_Task prompt_:
Using the data that follows, output only the lines from the line with "Ana Patricia Gámez" up to and including the line with "Synthax syndrive 1he", exactly, leaving pictures aside.

_Supplied records_:

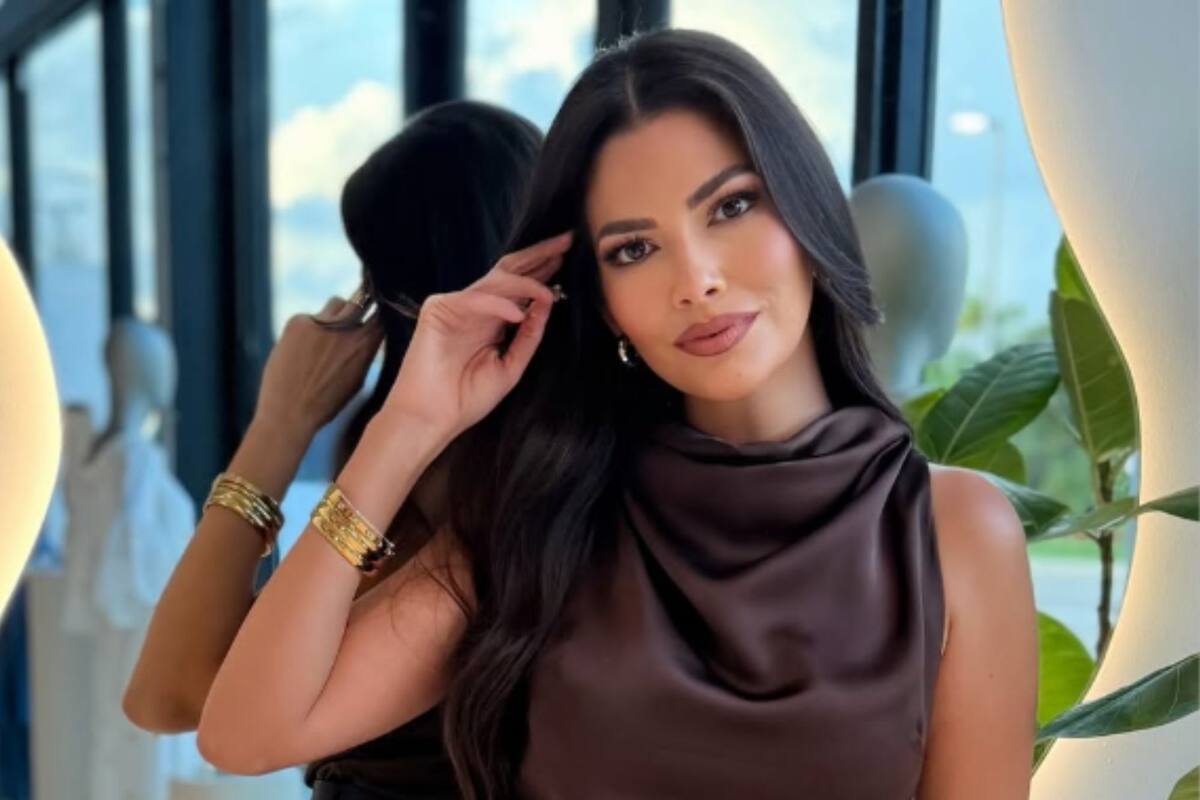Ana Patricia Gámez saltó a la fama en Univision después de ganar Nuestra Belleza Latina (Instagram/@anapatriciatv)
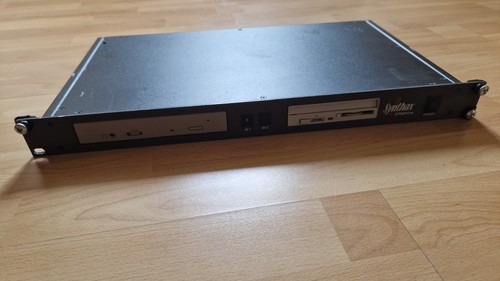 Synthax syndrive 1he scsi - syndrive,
==
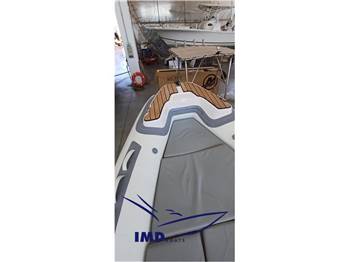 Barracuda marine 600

_Answer space_:
Ana Patricia Gámez saltó a la fama en Univision después de ganar Nuestra Belleza Latina (Instagram/@anapatriciatv)
 Synthax syndrive 1he scsi - syndrive,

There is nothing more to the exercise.